**BRIEF:**
Return, without anything added, the lines from the one containing "20 Segmented income" through the end of the entries below, exactly as written.

■ ■ ■ ■ ■

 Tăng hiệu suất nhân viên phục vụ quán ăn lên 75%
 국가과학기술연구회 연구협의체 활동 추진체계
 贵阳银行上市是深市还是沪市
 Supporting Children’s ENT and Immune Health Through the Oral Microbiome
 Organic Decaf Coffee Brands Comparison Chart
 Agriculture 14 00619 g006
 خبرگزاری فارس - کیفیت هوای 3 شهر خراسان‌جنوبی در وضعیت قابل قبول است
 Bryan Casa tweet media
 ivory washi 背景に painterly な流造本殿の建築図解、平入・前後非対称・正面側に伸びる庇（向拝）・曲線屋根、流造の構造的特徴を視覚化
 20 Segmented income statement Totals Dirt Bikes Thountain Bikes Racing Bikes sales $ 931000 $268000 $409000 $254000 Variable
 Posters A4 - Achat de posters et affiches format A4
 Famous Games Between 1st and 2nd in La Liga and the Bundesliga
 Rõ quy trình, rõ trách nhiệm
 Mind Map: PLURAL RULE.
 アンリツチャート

■ ■ ■ ■ ■

**EXERCISE SOLUTION:**
 20 Segmented income statement Totals Dirt Bikes Thountain Bikes Racing Bikes sales $ 931000 $268000 $409000 $254000 Variable
 Posters A4 - Achat de posters et affiches format A4
 Famous Games Between 1st and 2nd in La Liga and the Bundesliga
 Rõ quy trình, rõ trách nhiệm
 Mind Map: PLURAL RULE.
 アンリツチャート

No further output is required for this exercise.